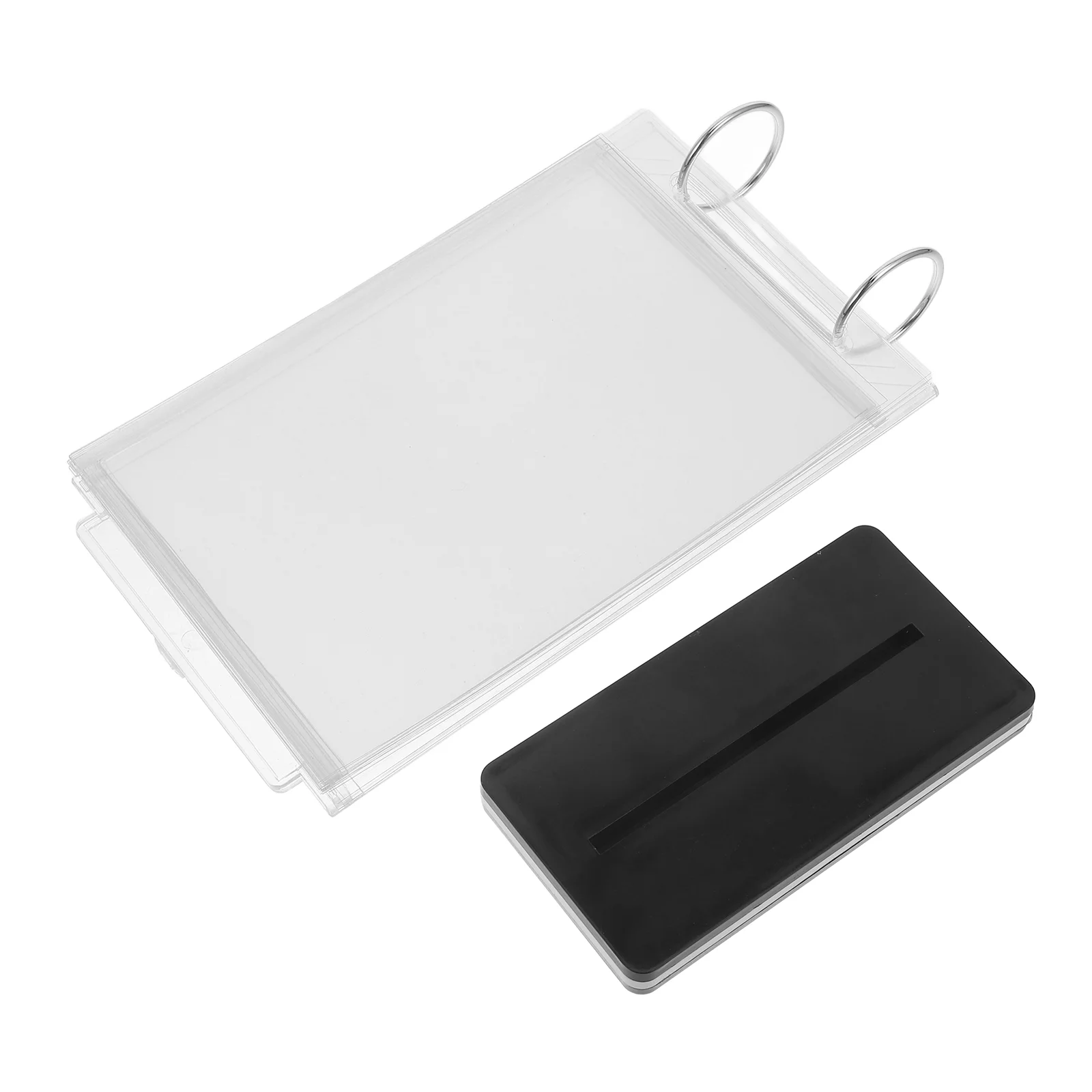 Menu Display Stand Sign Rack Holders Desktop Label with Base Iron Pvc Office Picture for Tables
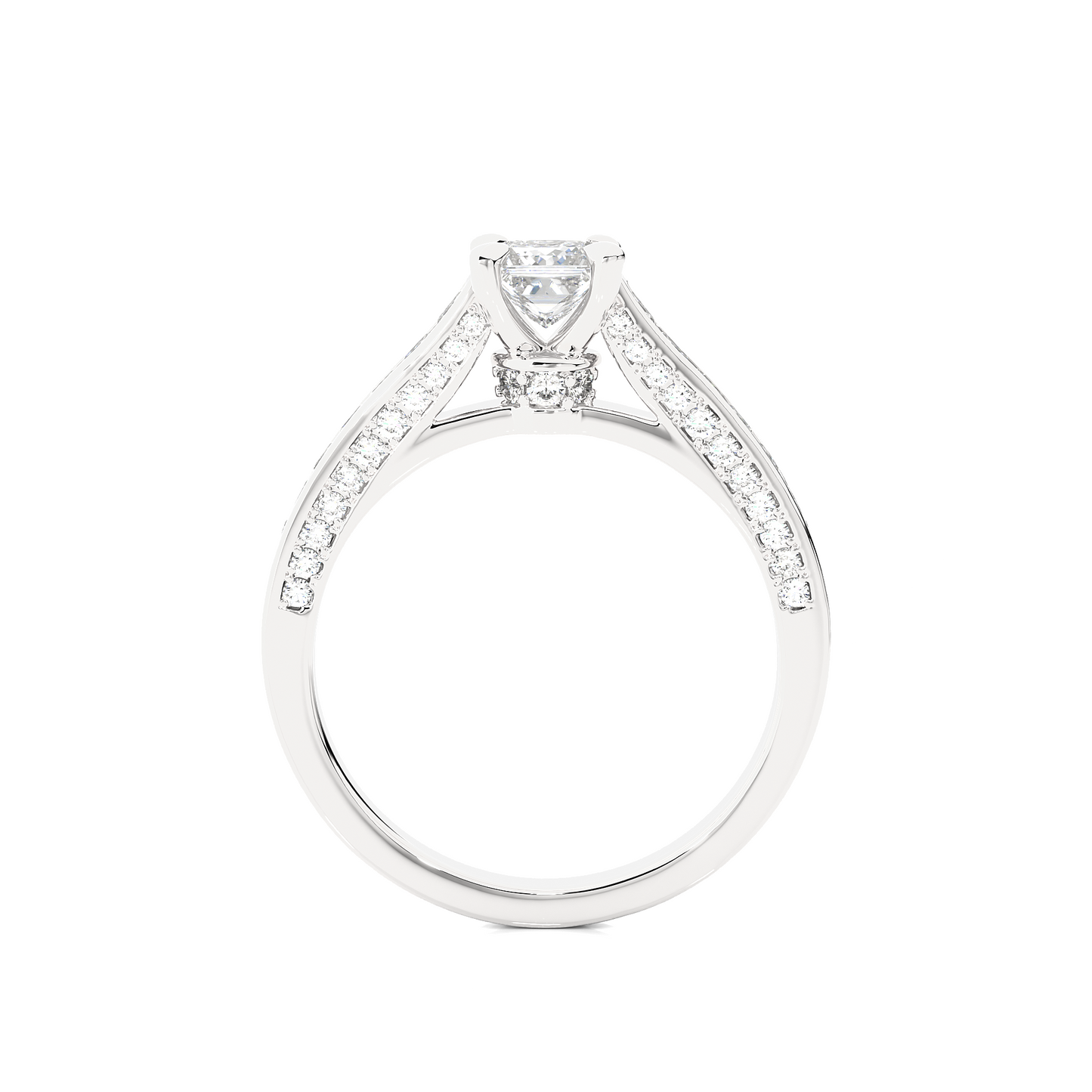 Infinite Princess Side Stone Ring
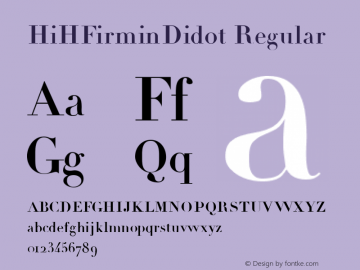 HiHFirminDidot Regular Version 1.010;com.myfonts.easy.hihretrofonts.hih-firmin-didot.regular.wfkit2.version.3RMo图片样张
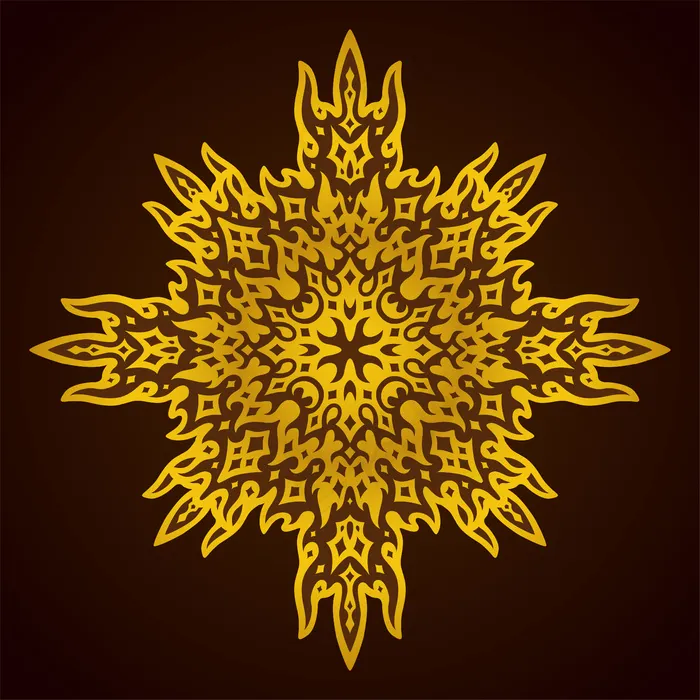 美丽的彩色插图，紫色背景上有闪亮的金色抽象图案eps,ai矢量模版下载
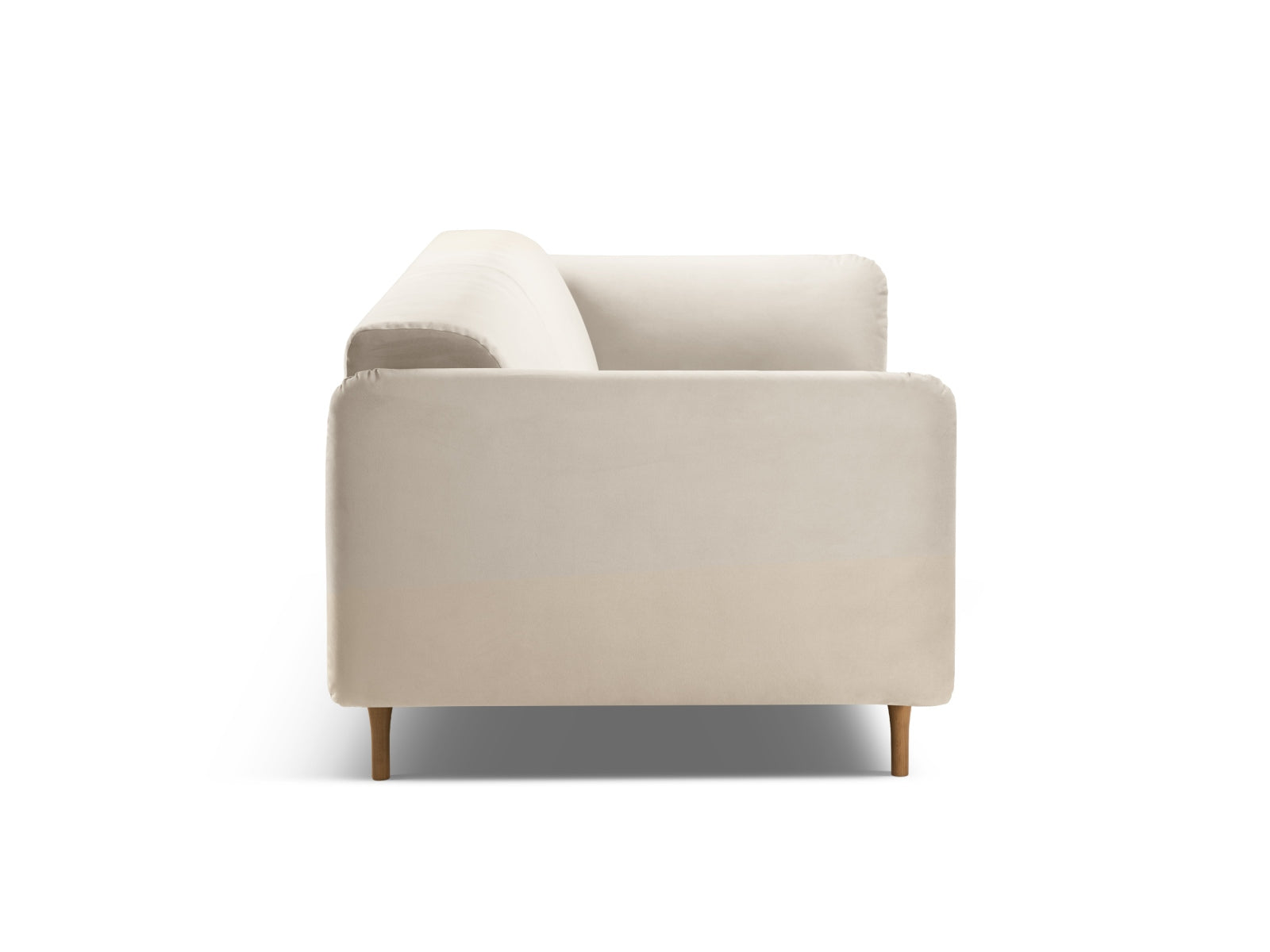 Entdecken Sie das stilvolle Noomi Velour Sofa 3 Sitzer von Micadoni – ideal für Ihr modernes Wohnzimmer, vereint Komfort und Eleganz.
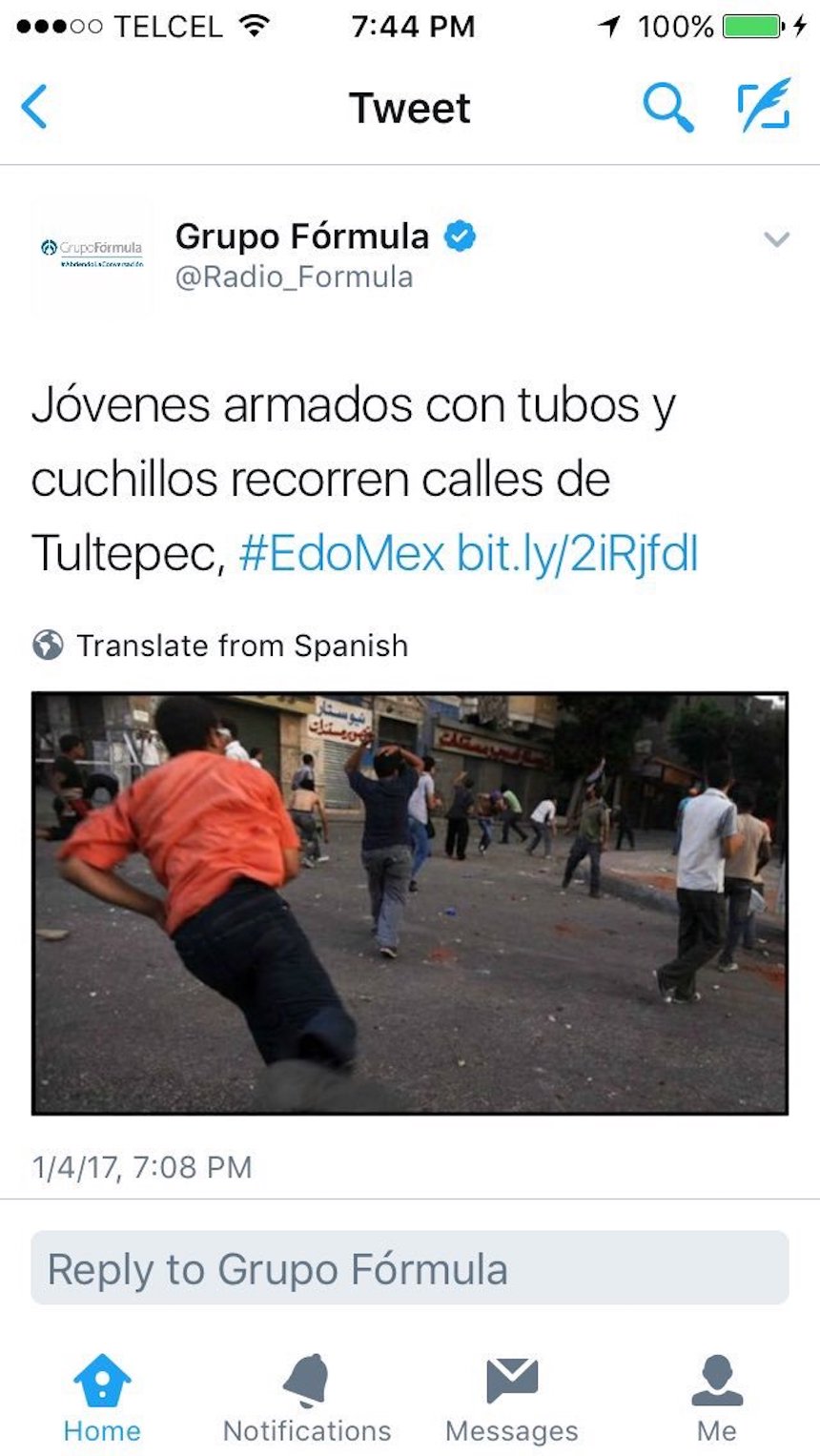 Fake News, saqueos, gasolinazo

◆ **What is expected**
From the line containing "美丽的彩色插图，紫色背景上有闪亮的金色抽象图案eps,ai矢量模版下载" down to the end of the listing above, every line is to be returned exactly, though the pictures are not.

◆ **The completed task**
 美丽的彩色插图，紫色背景上有闪亮的金色抽象图案eps,ai矢量模版下载
 Entdecken Sie das stilvolle Noomi Velour Sofa 3 Sitzer von Micadoni – ideal für Ihr modernes Wohnzimmer, vereint Komfort und Eleganz.
 Fake News, saqueos, gasolinazo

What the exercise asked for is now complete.